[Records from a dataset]
↓

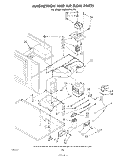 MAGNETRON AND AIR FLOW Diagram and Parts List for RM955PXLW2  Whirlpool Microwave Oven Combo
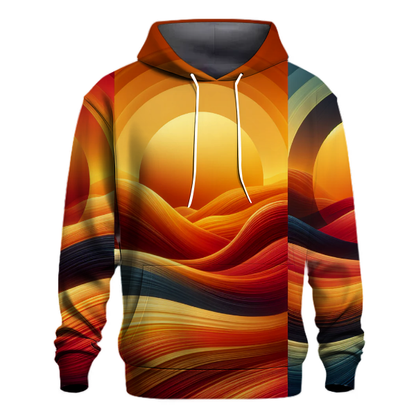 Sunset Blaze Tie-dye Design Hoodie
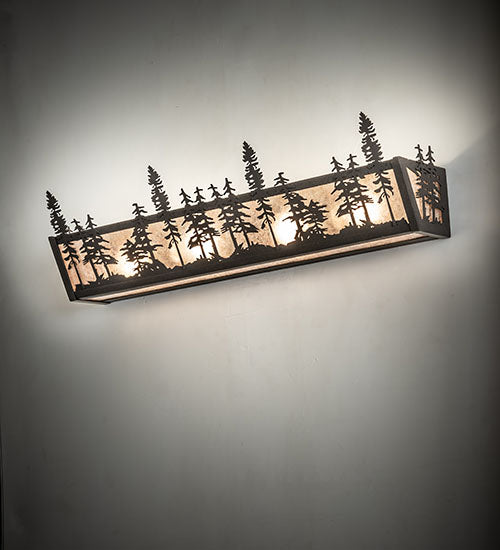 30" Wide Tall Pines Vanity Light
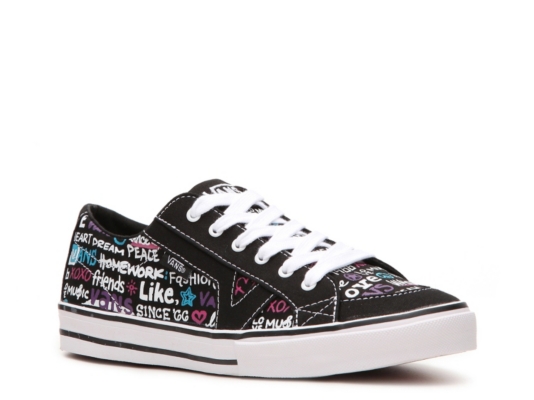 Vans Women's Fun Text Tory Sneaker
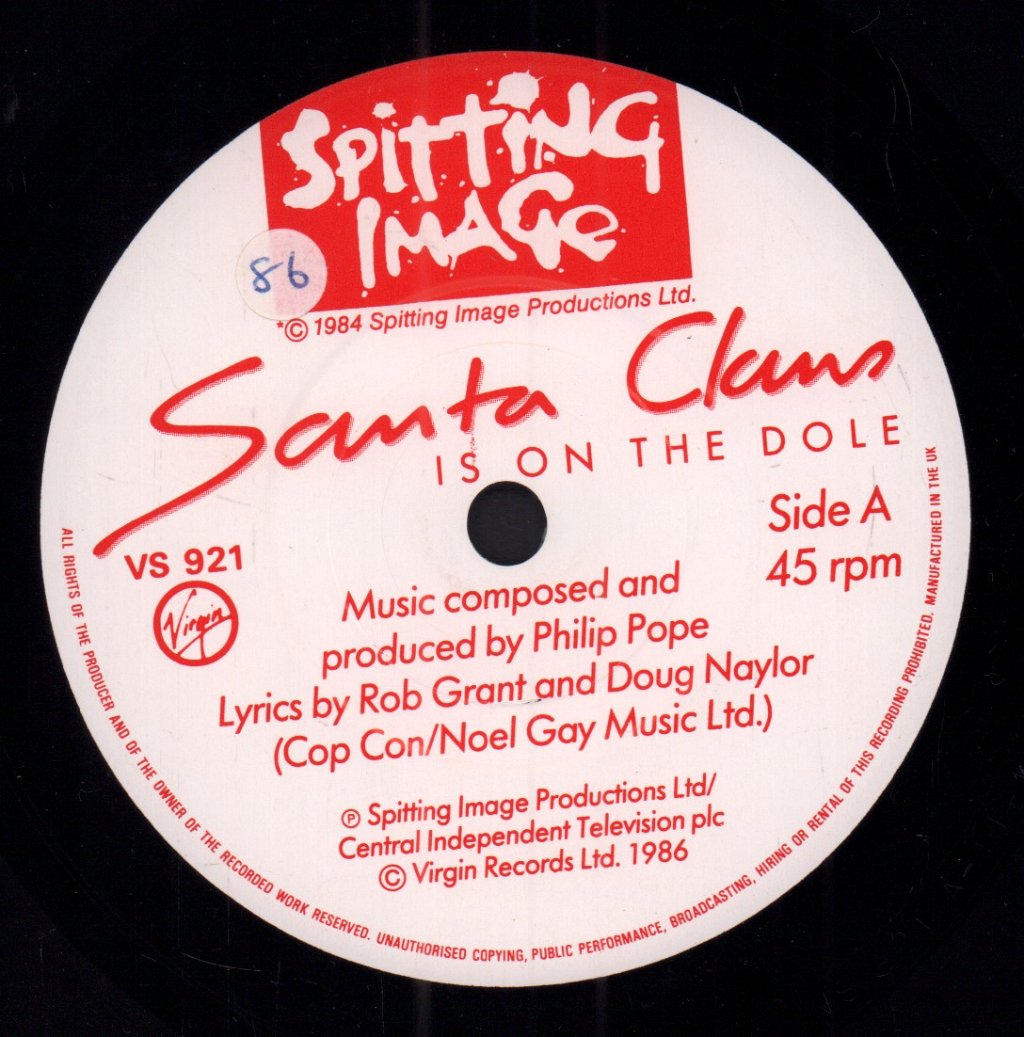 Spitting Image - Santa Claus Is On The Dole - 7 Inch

↑
↓

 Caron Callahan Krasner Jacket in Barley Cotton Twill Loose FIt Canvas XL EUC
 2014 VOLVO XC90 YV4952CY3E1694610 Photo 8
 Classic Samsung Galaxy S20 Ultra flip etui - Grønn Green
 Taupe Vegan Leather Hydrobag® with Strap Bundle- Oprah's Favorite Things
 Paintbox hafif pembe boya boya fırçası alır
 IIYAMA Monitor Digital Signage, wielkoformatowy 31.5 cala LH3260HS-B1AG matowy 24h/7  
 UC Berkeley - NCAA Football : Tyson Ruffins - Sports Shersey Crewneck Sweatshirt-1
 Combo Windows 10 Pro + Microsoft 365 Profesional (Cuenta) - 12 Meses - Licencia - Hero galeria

↑

WORK TO BE COMPLETED — Give back exactly the lines above that run from the one with "Vans Women's Fun Text Tory Sneaker" to the one with "Spitting Image - Santa", including both, with the pictures left out.

EXERCISE SOLUTION —
 Vans Women's Fun Text Tory Sneaker
 Spitting Image - Santa Claus Is On The Dole - 7 Inch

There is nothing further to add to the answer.